OPINION AND ORDER DISMISSING DEBTORS’ CASE AND THE RELATED ADVERSARY

WALTER J. KRASNIEWSKI, Bankruptcy Judge.

This matter is before the court upon Debtors’ “affidavit” notice and demand for disqualification and upon The Commercial Savings Bank’s and the Federal Land Bank of Louisville’s motions to dismiss this case. Upon consideration of the evidence adduced at the hearing, the court finds that Debtors’ demand for disqualification is not well taken and should be denied, that the motions to dismiss are well taken and should be granted and that Debtors’ case and related adversary are dismissed.

FACTS

On May 5, 1987, Debtors filed their voluntary petition under chapter 12 of Title 11. On June 30, 1987, Debtors’ case was converted to a case under chapter 11. On May 13, 1987, the Federal Land Bank of Louisville (hereinafter FLB) filed a motion for relief from stay which was subsequently granted pursuant to a memorandum opinion and order of the Honorable Richard L. Speer, entered July 8, 1987. An appeal to the United States District Court was taken by Debtors, which appeal was dismissed pursuant to that court’s order of October 13, 1987. Debtors, on October 30, 1987, filed a notice of appeal to the sixth circuit court of appeals.

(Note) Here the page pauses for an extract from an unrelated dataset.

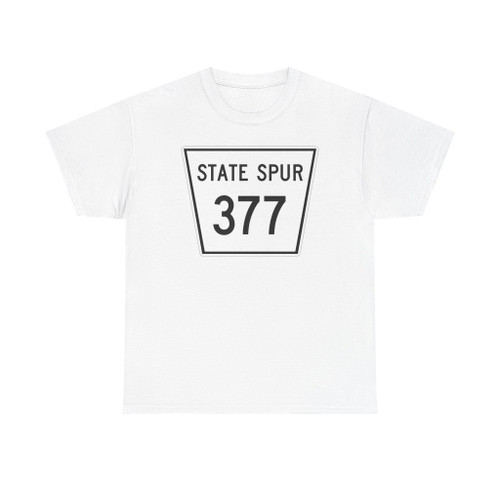 Nebraska State Spur 377 (Nebraska) (Road Sign) T-Shirt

On August 26, 1987, Debtors filed a notice and demand for enlargement of time to file a plan. On August 28, 1987, Debtors were granted an additional 60 days from entry of that order in which to file their plan. To date, no plan has been filed and Debtors contend that no plan will be necessary.

To date, The Commercial Savings Bank (hereinafter CSB) has filed three motions to dismiss. FLB has also filed a motion to dismiss. A hearing was held on these issues on December 3,1987, at which appearances were made by Debtors pro se, CSB and FLB. The court will first address Debtors’ notice and demand for disqualification.

DISCUSSION

Demand for Disqualification

At the outset, it is noted that Debtors previously filed a pleading, on August *872 24, 1987, entitled “demand for disqualification for bias, prejudice and malpractice, by intent or by lack of qualification” requesting that this judge recuse himself. This request was denied pursuant to this court’s order denying demand for disqualification entered August 28, 1987. The court further notes that the instant demand for disqualification fails to set forth any change in circumstances or substantively different allegations which would merit reconsideration of that original denial. However, -the court will address the allegations asserted by Debtor William J. Walton at the hearing.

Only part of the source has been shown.